Он кинулся в свою комнату, но в этот момент тоненько затинькал дверной звонок. Мать, которая была в ванной, крикнула:

– Открой отцу! Сегодня он ушел без ключей.

Сергей открыл дверь. Отец ввалился в прихожую и пробасил:

– Здорово! Как дела, насильник?

– Никак! – не обращая внимания на его подколку, сказал Сергей. – Опять меня в ментовку вызывают…

– А! Это полезно! – отец бесцеремонно опустил руку ему на плечо и похлопал. – Впредь тебе наука! Не связывайся с шалавами, дружи с приличными девчонками…

– Надоело мне ходить к этому менту и рассказывать одно то и тоже, – Сергей поморщился. – Похоже, он верит только ей…

– Гы! – гаркнул отец. – Он верит только деньгам! Наверняка тоже хочет что-то поиметь с тебя.

– Той прошмандовке пятнадцать тысяч, этому – не меньше, – проворчала мать, выходя из ванны. – Что-то дороговато обходятся нам твои девочки…

– Ладно тебе, – цыкнул отец. – Если эти деньги разделить на те дни, когда он её, – отец сделал выразительный жест, – то всё равно выйдет меньше, если бы он вызывал девок по телефону…

– Экономист! – мать блеснула кругленькими очочками в оправе под золото. – Ты что говоришь-то? Подумай! В человеке важно нравственное начало, оно – стержень всему его существованию…
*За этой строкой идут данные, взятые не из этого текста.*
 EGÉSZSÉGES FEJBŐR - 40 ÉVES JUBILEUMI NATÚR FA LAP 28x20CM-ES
– Ну, началась лекция на темы морали! Интересно, что о тебе студенты думают? А думают они, наверное, что профессорша – жуткая зануда. Ну, как ты, Наталья Ивановна, не поймёшь: тело-то у Серёжки молодое, – жизнерадостно осклабился отец. – Вполне понятно, что ему с девушками не только о Шекспире хочется говорить. Но теперь ему будет наука: не кидаться на первую попавшуюся юбку!

Сергей рассмеялся.

– А! Ржешь, жеребец! – мать, наполняясь негодованием, поставила руки калачиками на своих бедрах. – И не стыдно тебе? Позоришь нашу семью! Что подумают о нас люди?
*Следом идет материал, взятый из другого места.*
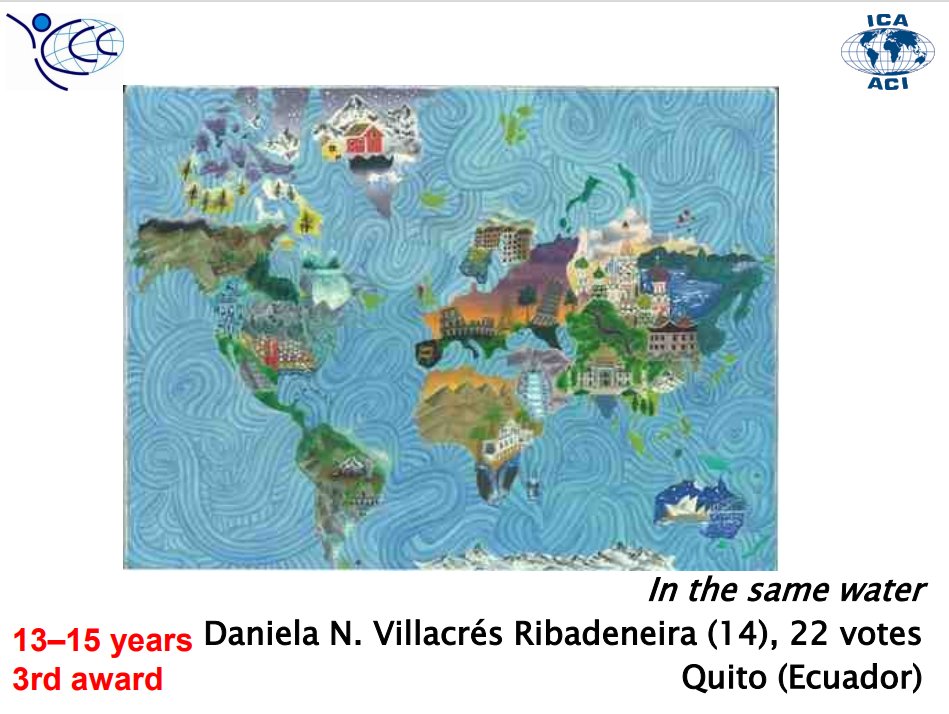 📍 Barbara Petchenik Map Competition 2021.
📣 Daniela Villacrés  del Colegio Cardinal Spellman Girls' School,representó al Ecuador 🇪🇨 en este concurso, ganando el 3er lugar  en la categoría de 13 a 15 años, de un total de 178 dibujos. Felicitaciones!! 🌎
– Да начхать, что они подумают, – отрезал отец. – А ты не лыбься, Сережка! Дело-то серьёзное…

Но Сергей рассмеялся не из-за перебранки родителей. Он подумал о том, что снова, кажется, кинулся на первую встречную юбку – по выражению отца. Алина вполне подходила под это определение!

– Он ещё смеётся, – мать покачала головой. – В тюрьму можешь попасть. Ты об этом подумал? А там с насильниками знаешь, что делают? Я в газетах читала…

– Никого я не насиловал, – огрызнулся Сергей. – А засмеялся, потому что…

Правду он, конечно, не мог сказать. И замялся, подыскивая ответ. А мать, подбоченившись, так и сверлила его грозным взглядом.

– … потому что подумал, что твои студенты точно поугорали бы, если бы узнали, какие слова ты употребляешь, – нашёлся он. – В представлении других ты – интеллигентная женщина.

– Вот до чего ты меня довёл! – парировала мать. – У меня нервы ни к чёрту стали из-за этой истории. Как подумаю, что о ней в университете узнают, так вся не своя делаюсь.

– Да ты не про университет думай, – сказал отец. – Нас**ть, что они там подумают! Серёжка в беду попал, а ты о своем имидже заботишься.

– Можно, я пойду в свою комнату? – Сергей сделал брови домиком и сморщился как от зубной боли. – Голова болит. И без этих разговоров тошно…

Отец молча кивнул, а мать вдруг опустила руки и вздохнула:

– Думаешь, я не понимаю, как тебе тяжело? Ты извини, я сорвалась… Может, поешь? Целый день ведь не ел. Вот и болит голова…

– Потом, – мотнул головой Сергей. – И не голодный я. В кафе перекусил.

В комнате он упал ничком на диван. Ему хотелось отключиться от всего, что было по ту сторону двери. Еще каких-то лет пять назад Сергей умел делать это в совершенстве. Прежде всего, надо было неподвижно уставиться в одну точку, не шевелиться и ни на что не обращать внимания, просто – глядеть перед собой в пространство, пока где-то там вдалеке не возникнет маленькая точка. И как только она появится, постараться сконцентрировать на ней взгляд – смотреть только на неё и на что внимания не обращать.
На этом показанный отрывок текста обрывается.